According to Abdul Wahid in his article titled Campus on Fire: Indonesian Universities During the Political Turmoil of 1950s-1960s published in Archipel, Paris, this year, out of the 11 state universities, UGM discharged the largest numbers of lecturers, students and staff members.
Sri Muhayati, who was then first treasurer of the Student Council Corps of UGM’s Medical School, was one of those victims.
“Fifty years ago I was a UGM medical student and the letter from UGM rector Prof. Herman Johannes forced me to quit,” she told the spectators.
Her student identity card and letter of dismissal as a UGM student were displayed at the exhibition of archives organized along with the theater show. Other objects being exhibited were sneakers owned by a survivor named Bu Endang, while she was confined at Plantungan, bath soap for smuggling love letters, photos of 1965 survivors and four videos with testimonials.
In their performances, some actors also read extracts from the capture of Minke by Jaques Pengemannan in Pramudya Ananta Toer’s novel Rumah Kaca (The Glass House). The groups read different versions: Tugas Berat untuk Pangemannan (A Tough Job for Pangemannan), Pitung-Pitung Moderen (Modern Pitungs), Pengasingan Minke (Minke’s Isolation) and Kematian Minke (The Death of Minke).
Irfanuddien said Minke’s story portrayed how the Dutch colonial rulers always put him under surveillance thus arousing the spirit of nationalism and this was suitable for describing the situation of the 1965 survivors.
“They [the survivors] are free but they seem to remain in a glass house in which they are always being monitored,” he added.

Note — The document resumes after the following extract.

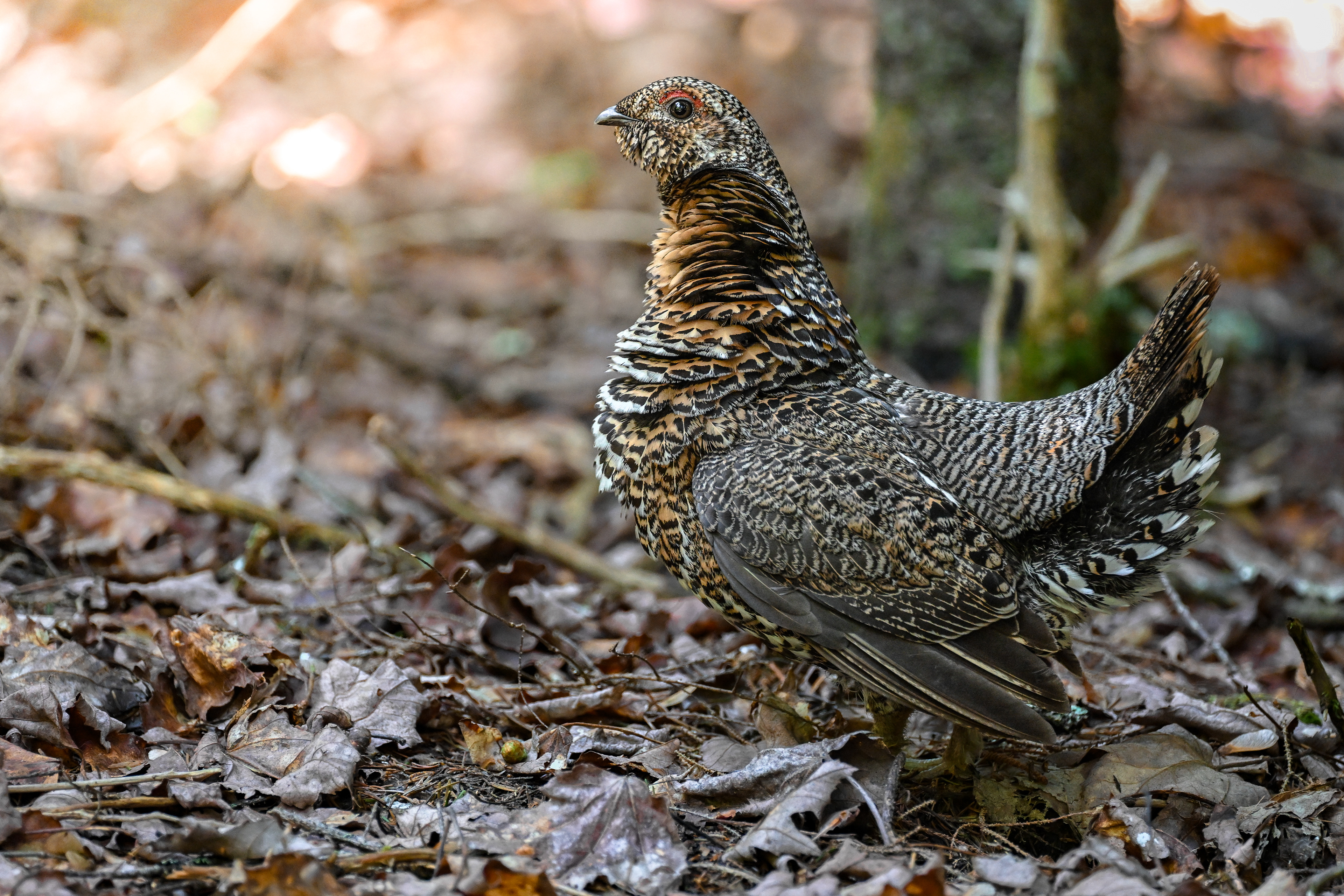 Spruce Grouse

Meanwhile, UGM lecturer Ulya Niami Efrina Jamson said the theater show served as proof that the university, which was one of the sites of conflict and violence in 1965, could now become the site of reconciliation.
“Reconciliation cannot happen unless there’s recognition of the truth about the past,” she said.

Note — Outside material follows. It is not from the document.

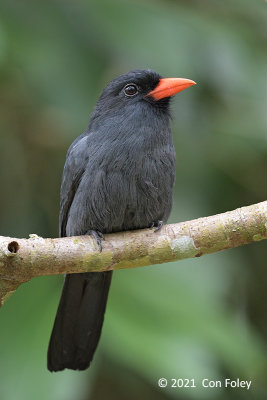 Nunbird, Black-fronted @ near Sani Lodge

Irfanuddien agreed with Ulya and he said that staging the play was also an important part of the reconciliation process because it would inform many members of the younger generation about the past.
“At first they were shocked to learn about the incidents that occurred in the past,” he said.
Retyan Sekar, a student of the Indonesian Islamic University, was one of the shocked students after she watched the play and said there should be a lot more programs to reveal the truth behind the 1965 genocide.
“The voice of survivors should be heard to enlighten young people,” she said.